Der Psychoanalytiker darf den Versuch wagen, auch die Motive solcher Verdrängung aus gewissen Anzeichen zu erraten. Wo Mach die Wirksamkeit unerledigter, unbewußter Vorteilungskomplexe mit einem selbsterlebten Beispiel illustrieren will, verrät er uns ein Stück seiner Hemmung, die vielleicht mehr als übertriebene Reinlichkeit und Pedanterie war2). Solche Überempfindlichkeit gegen die Berührung von Körperfeuchtigkeit und die Phobie vor der Feuchtigkeit der Hand findet laut anderen Analysen in der Abwehr bestimmter sexueller Vorstellungen und Erinnerungen ihre letzte Quelle. Solche Personen pflegen auch vor der geistigen Berührung mit sexuellen Dingen zurückzuschrecken.
Nun waren die ersten Mitteilungen von Breuer und Freud beinahe ›asexuell‹. Erst die spätere Erfahrung zwang Freud zur Ergänzung der Neurosenlehre durch die Sexualtheorie. Es scheint, daß Mach diese Forschungen des (an derselben Universität lehrenden) Prof. Freud nicht ganz unbekannt und höchst unsympathisch gewesen sind und als solche abgelehnt und vergessen wurden. Die mit der Sexualtheorie verknüpfte Unlust riß aber auch die Erinnerungen an die noch ›harmlosen‹ Breuer-Freudschen ›Hysterie-Analysen‹ mit in die Verdrängung.

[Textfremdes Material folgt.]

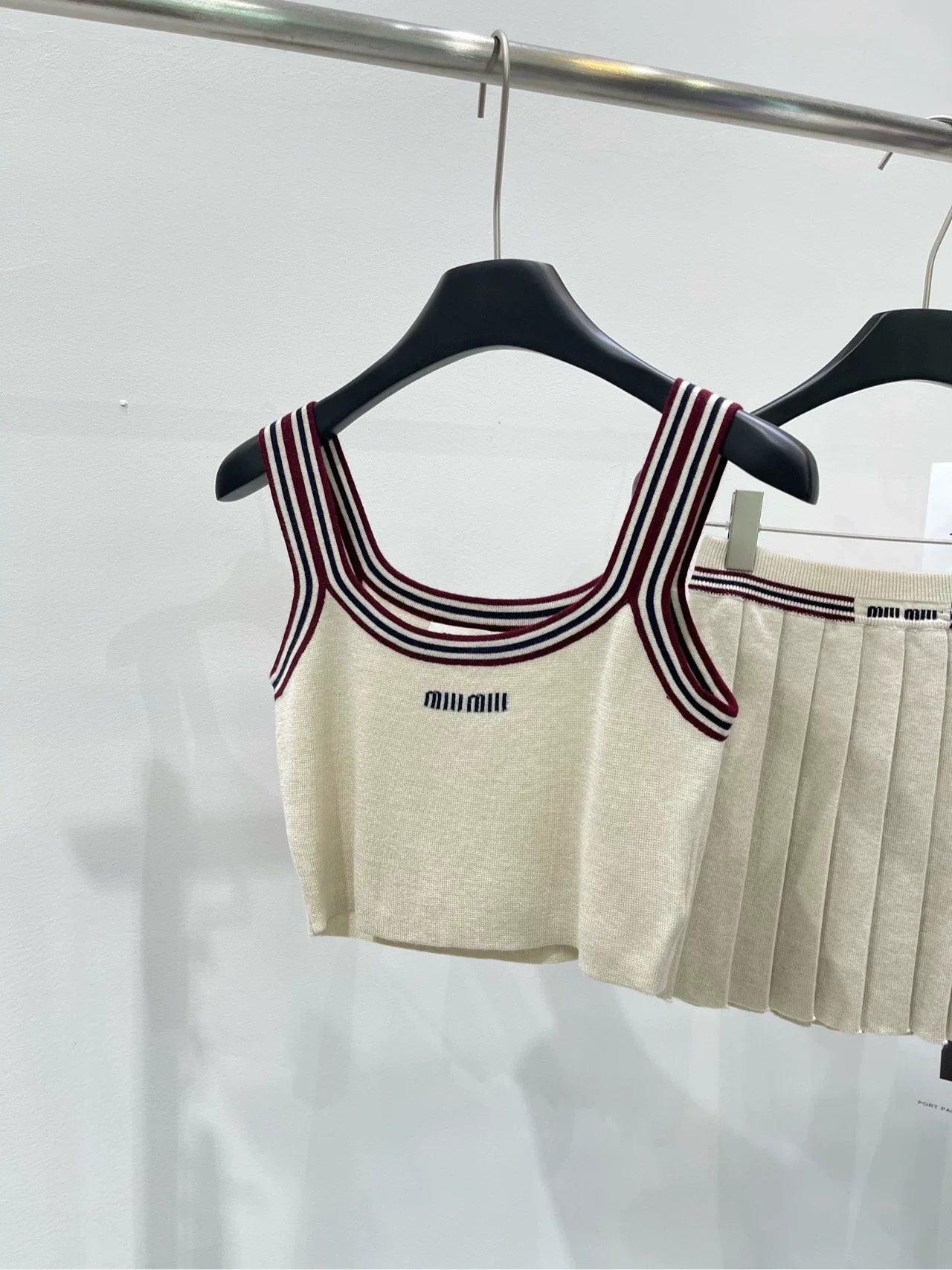 25 apricot red edge knitted vest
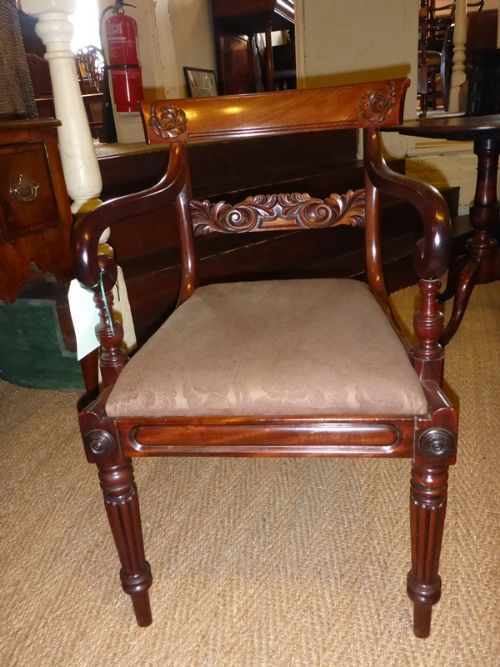 Quality Georgian Armchair in Mahogany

Darum werden sie in der Kultur und Mechanik nicht zitiert, obzwar sie in den ›Prinzipien‹ als weit entfernte Analogien noch erwähnt werden, und darum mußte Mach die ihm von Breuer und Freud eingegebene Idee von den methodischen Erinnerungs-Anstrengungen (kryptomnestisch) wiederentdecken.
Nun verstehen wir auch, warum Mach die Psychogenese des Sinnes für Mechanik nur als fortschreitende Entfaltung der Intelligenz auffaßt, und wo er aufs Triebhafte zu sprechen kommt, sich mit der Annahme eines ›Betätigungstriebes‹ begnügt, der - sich des günstigen Zufalls bedienend, zu Entdeckungen führt, während die psychoanalytische Betrachtung, der er sich aus ihm unbewußten Motiven entzog, die weitere Zerlegung jenes Betätigungstriebes und den Nachweis der sexuellen Elemente darin gestattet hätte.3)
1) [Der Traum, als Naturnotwendigkeit erklärt.]
2) Über die unbewußte Bedeutung angeführter Beispiele überhaupt siehe meinen Aufsatz ›Zur psychoanalytischen Technik‹, 3. Abschnitt: Das ›Zum Beispieh in der Analyse.
3) Ich entdeckte nachträglich auch in den Breuer-Freudschen Studien über Hysterie (II. Auflage [1909], S. 184 [›Theoretisches‹ von J. Breuer; nicht in die G. W. aufgenommen]) eine Notiz, die die Machschen ›Bewegungsempfindungen‹ mit hysterischen Phänomenen in Parallele bringt. Um so wahrscheinlicher, daß sich Mach mit den Studien eingehender beschäftigte.